Task to carry out: Repeat everything from the first line of the listing below through the line that contains "Casa con 5 locali", exactly. Leave out pictures.

++++++++++

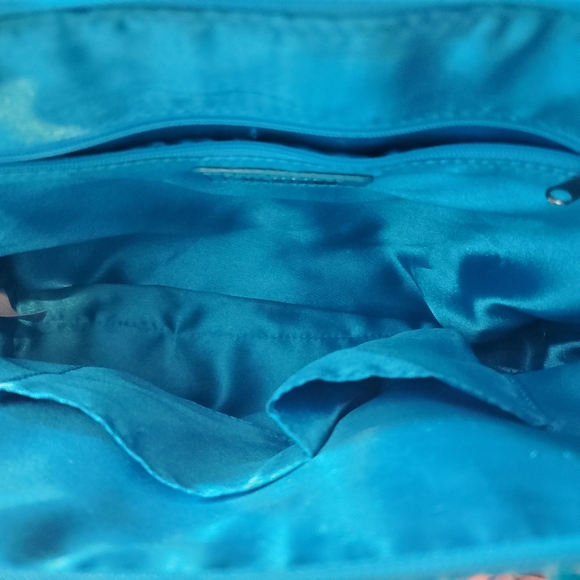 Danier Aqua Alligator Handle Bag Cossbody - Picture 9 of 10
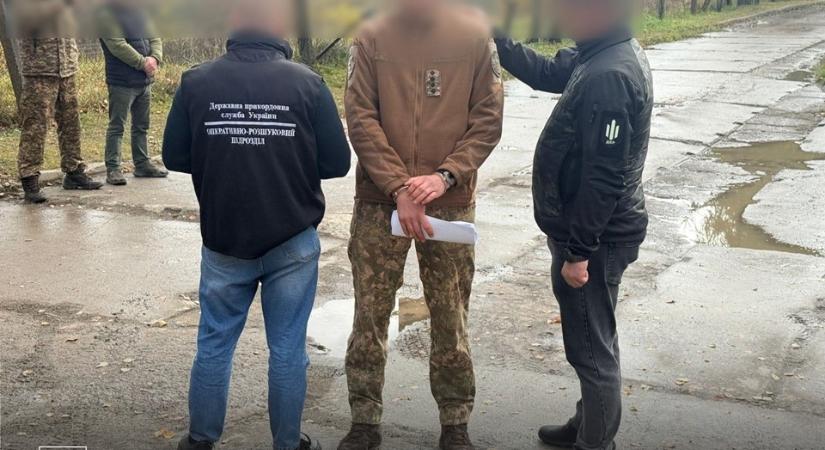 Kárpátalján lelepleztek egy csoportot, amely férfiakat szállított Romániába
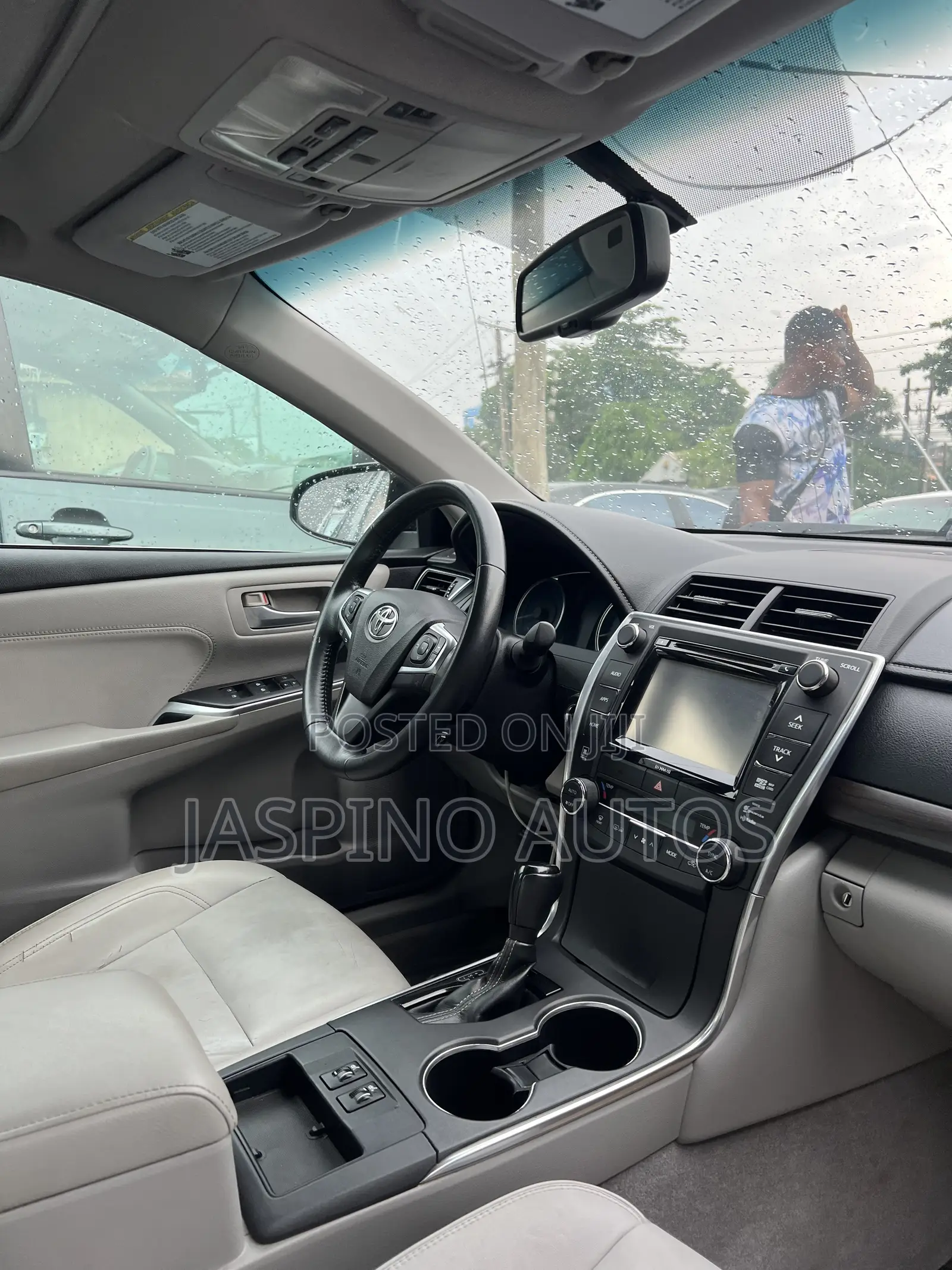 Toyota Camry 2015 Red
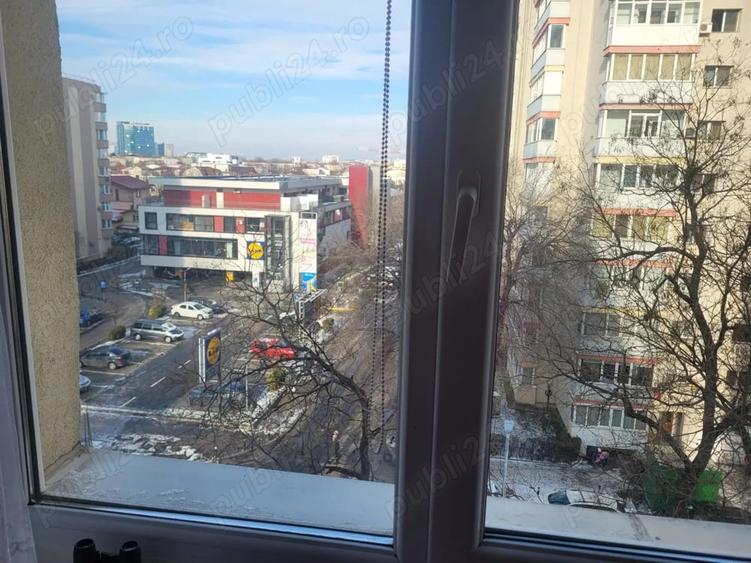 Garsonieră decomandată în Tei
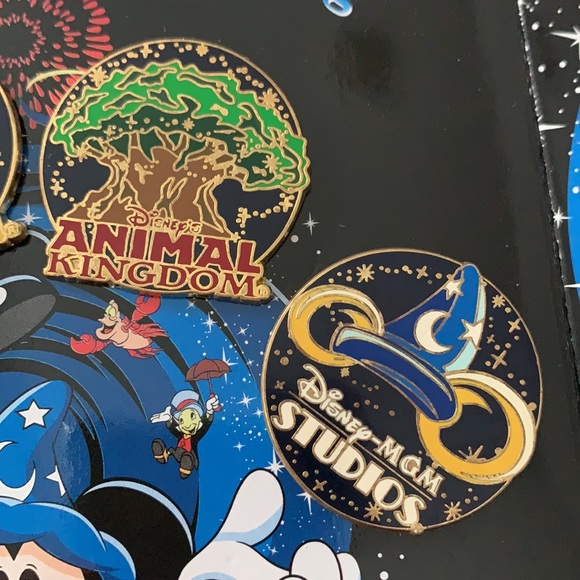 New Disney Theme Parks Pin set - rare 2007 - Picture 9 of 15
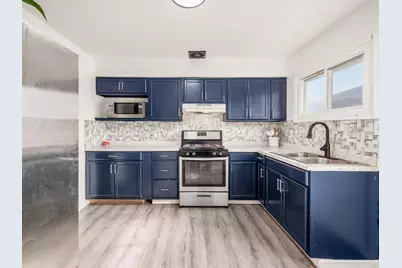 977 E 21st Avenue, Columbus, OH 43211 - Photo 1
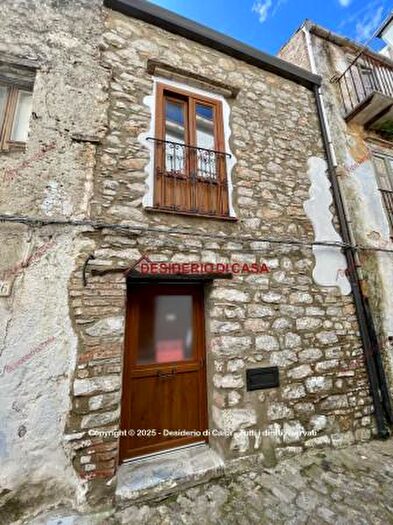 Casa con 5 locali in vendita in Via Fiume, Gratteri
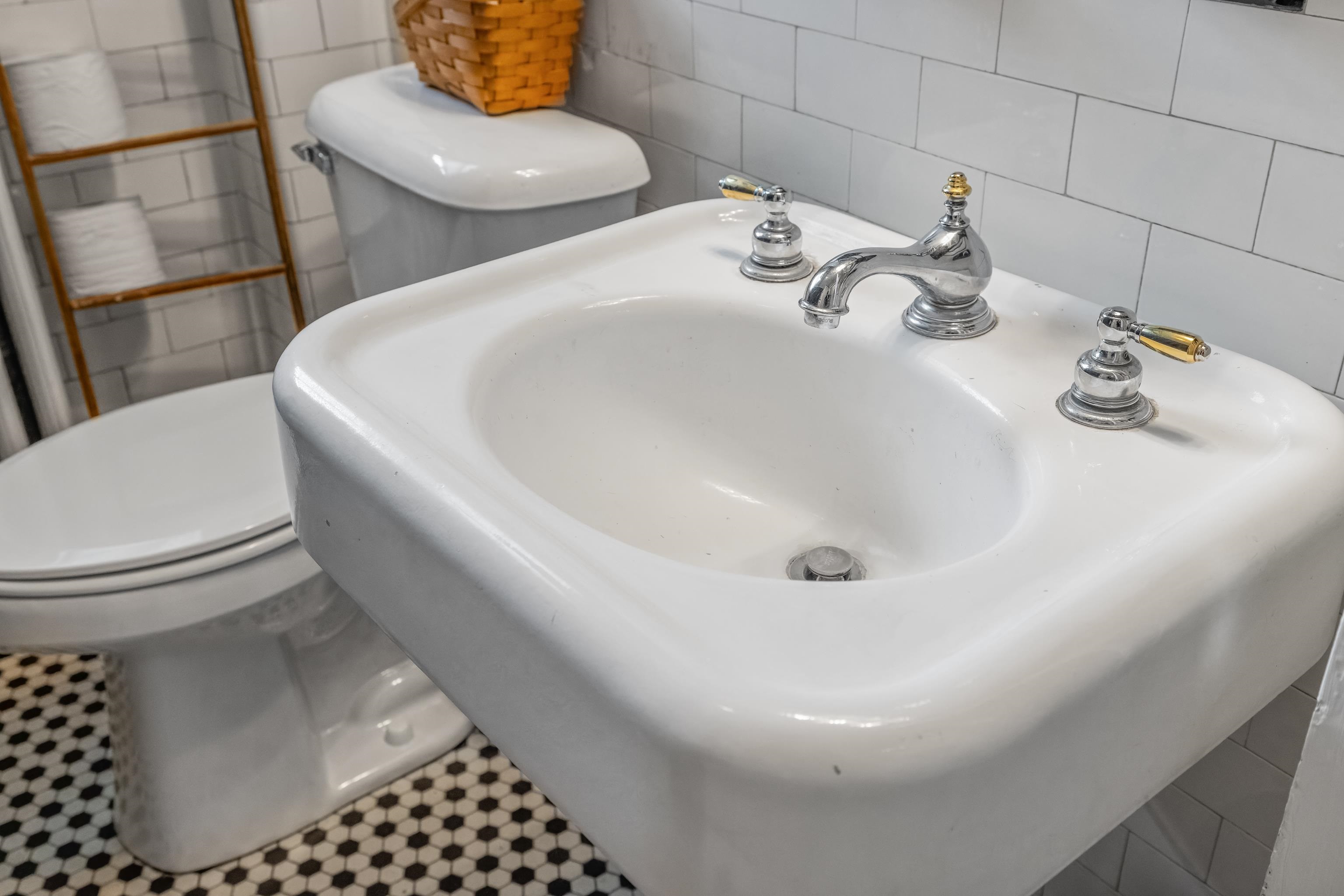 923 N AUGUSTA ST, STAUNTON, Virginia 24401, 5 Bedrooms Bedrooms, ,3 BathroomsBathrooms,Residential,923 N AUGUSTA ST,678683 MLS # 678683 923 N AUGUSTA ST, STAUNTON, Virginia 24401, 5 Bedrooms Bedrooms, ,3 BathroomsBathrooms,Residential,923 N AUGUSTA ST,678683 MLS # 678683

++++++++++

The completed task:
 Danier Aqua Alligator Handle Bag Cossbody - Picture 9 of 10
 Kárpátalján lelepleztek egy csoportot, amely férfiakat szállított Romániába
 Toyota Camry 2015 Red
 Garsonieră decomandată în Tei
 New Disney Theme Parks Pin set - rare 2007 - Picture 9 of 15
 977 E 21st Avenue, Columbus, OH 43211 - Photo 1
 Casa con 5 locali in vendita in Via Fiume, Gratteri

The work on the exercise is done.